Abstract
The monkeypox virus is a virus that has 90% genomic homology with the human (smallpox), but it is naturally transmitted between different wild animal reservoirs and is considered a zoonosis. Throughout the 20th century, different vaccines based on the vaccinia poxvirus were developed and used for vaccination against smallpox. After the eradication of smallpox, these vaccines were no longer used. Current vaccines against monkeypox virus are classified by the WHO as replicative (ACAM2000), minimally replicative (LC16m8) and non-replicative (MVA-BN), the latter being the one currently used. The 2022 extra-African monkeypox virus epidemic has highlighted the lack of vaccines with proven efficacy and low reactogenicity. It is considered that the use of this vaccine in the current outbreak may play a role in the prevention or attenuation of the disease as pre-exposure prophylaxis in close contacts of confirmed cases.
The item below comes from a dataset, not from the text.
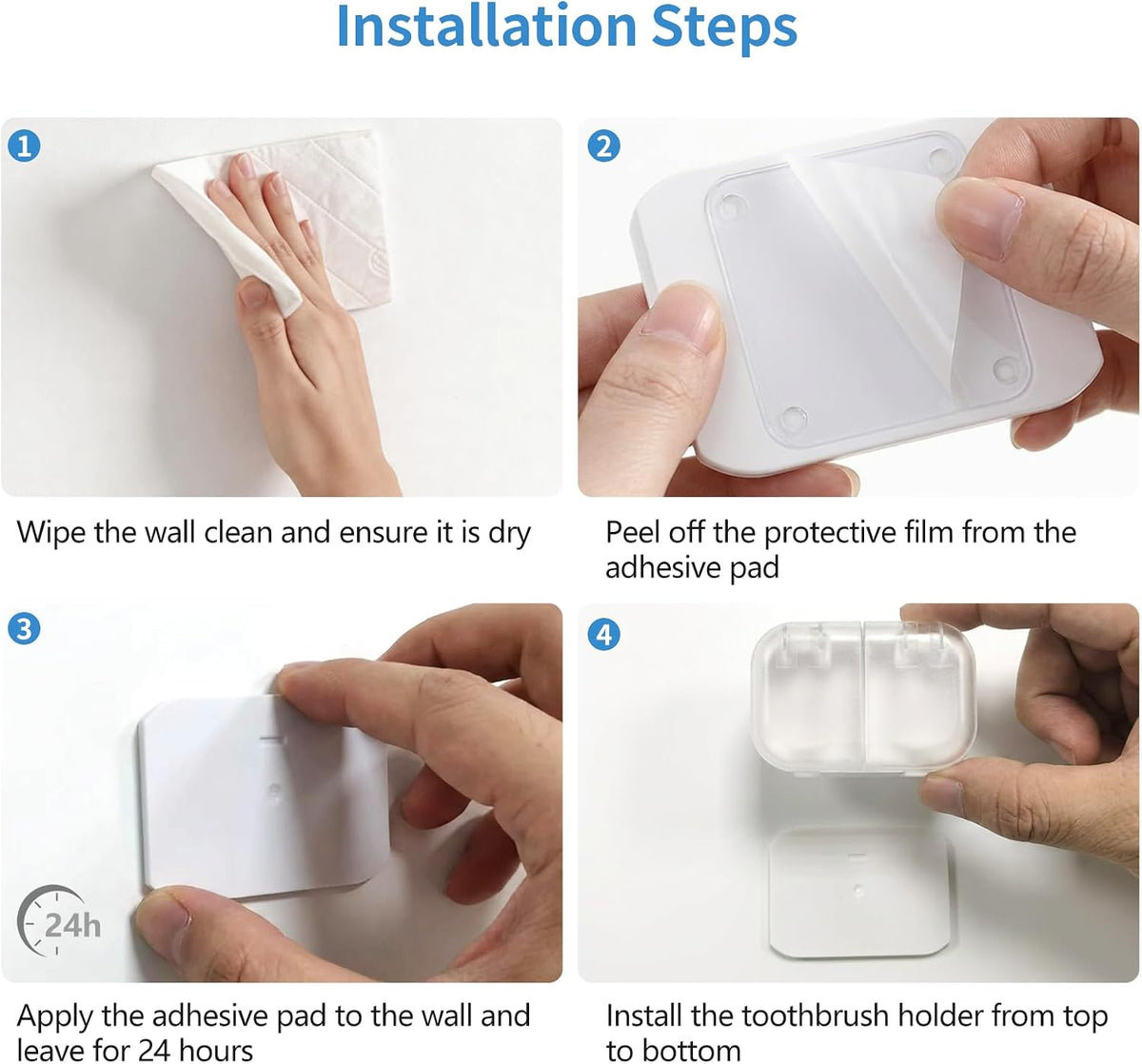Adhesive Toothbrush Holder with Cover for Bathroom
Keywords: Monkeypox virus, Vaccines, Vaccination
Abstract
El virus de la viruela de los monos es un virus que presenta un 90% de homología genómica con el humano (smallpox), pero se trasmite de forma natural entre diferentes reservorios animales salvajes y es considerado una zoonosis. A lo largo del siglo XX se desarrollaron diferentes vacunas basadas en el poxvirus vaccinia que fueron utilizadas para la vacunación frente a la viruela humana. Tras la erradicación de la viruela humana estas vacunas dejaron de utilizarse. Las vacunas actuales frente a la viruela de los monos se clasifican por la OMS como replicativas (ACAM2000), mínimamente replicativas (LC16m8) y no replicativas (MVA-BN), siendo esta última la utilizada en la actualidad. La epidemia extraafricana de viruela de los monos de 2022 ha puesto en evidencia la falta de vacunas de eficacia demostrada y de baja reactogenicidad. Se considera que la utilización de esta vacuna en el brote actual puede desempeñar un papel en la prevención o atenuación de la enfermedad como profilaxis preexposición en contactos estrechos de casos confirmados.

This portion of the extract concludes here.